SUPPLIED MATERIAL: Begin

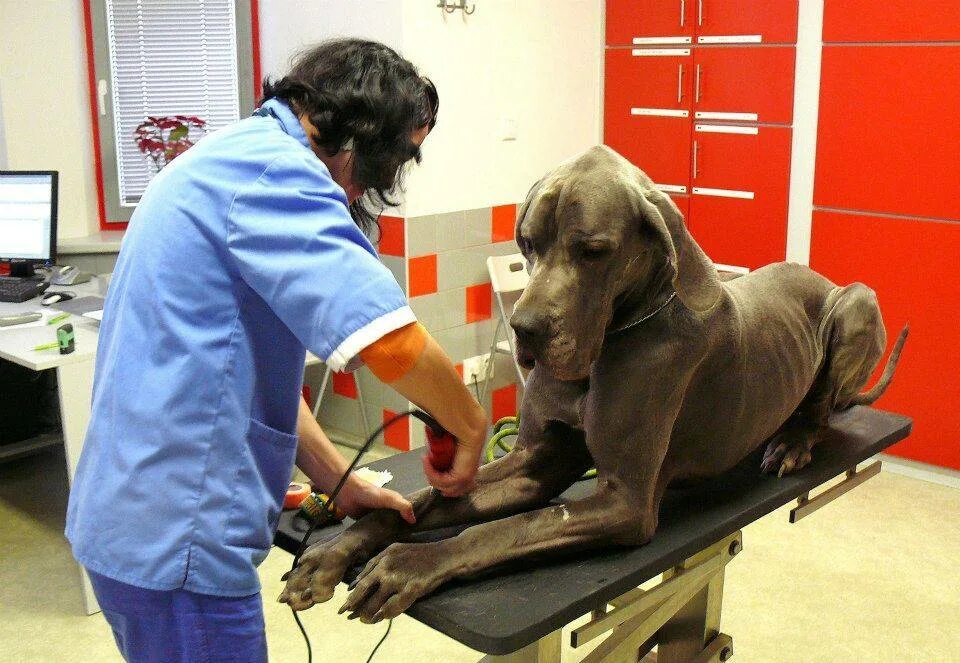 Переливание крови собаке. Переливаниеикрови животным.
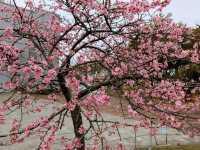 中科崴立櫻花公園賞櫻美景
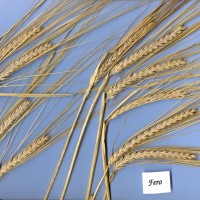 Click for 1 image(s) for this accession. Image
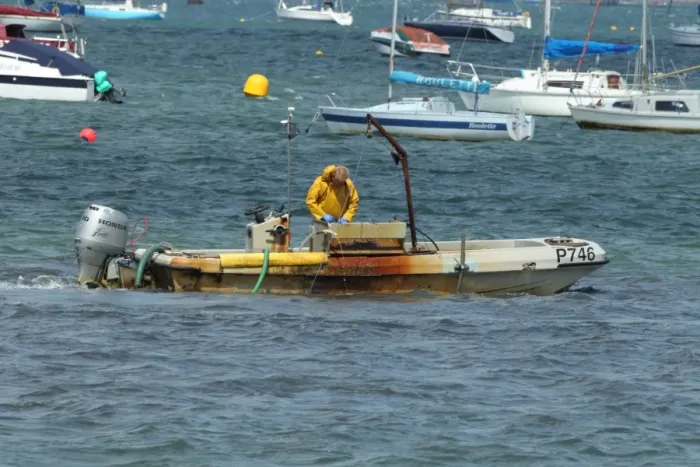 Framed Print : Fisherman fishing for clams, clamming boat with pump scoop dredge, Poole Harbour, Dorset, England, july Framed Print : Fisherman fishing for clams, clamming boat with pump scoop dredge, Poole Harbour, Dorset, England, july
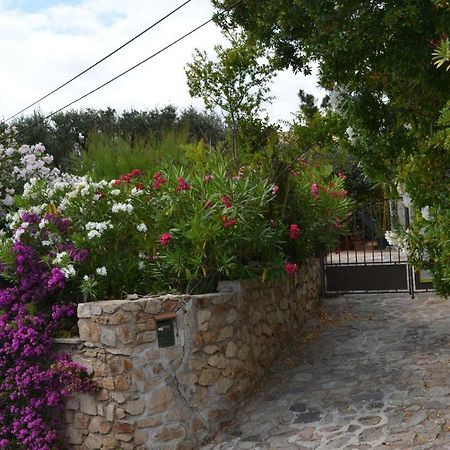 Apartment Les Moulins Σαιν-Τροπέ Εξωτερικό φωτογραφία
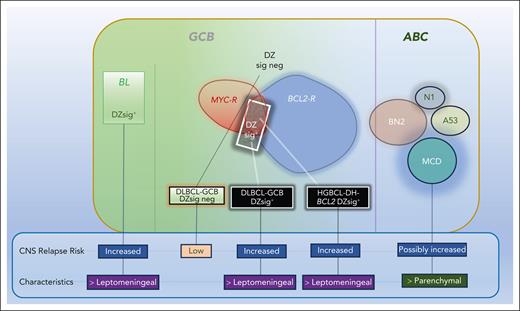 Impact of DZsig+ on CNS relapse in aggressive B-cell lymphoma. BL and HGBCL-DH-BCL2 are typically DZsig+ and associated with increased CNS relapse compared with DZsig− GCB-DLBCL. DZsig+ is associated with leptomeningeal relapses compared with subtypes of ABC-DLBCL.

SUPPLIED MATERIAL: End

• [WHAT IS NEEDED]:
Write out exactly, with no pictures, each line from the one containing "中科崴立櫻花公園賞櫻美景" through the last line of the listing above, both included.

• [REPLY]:
 中科崴立櫻花公園賞櫻美景
 Click for 1 image(s) for this accession. Image
 Framed Print : Fisherman fishing for clams, clamming boat with pump scoop dredge, Poole Harbour, Dorset, England, july Framed Print : Fisherman fishing for clams, clamming boat with pump scoop dredge, Poole Harbour, Dorset, England, july
 Apartment Les Moulins Σαιν-Τροπέ Εξωτερικό φωτογραφία
 Impact of DZsig+ on CNS relapse in aggressive B-cell lymphoma. BL and HGBCL-DH-BCL2 are typically DZsig+ and associated with increased CNS relapse compared with DZsig− GCB-DLBCL. DZsig+ is associated with leptomeningeal relapses compared with subtypes of ABC-DLBCL.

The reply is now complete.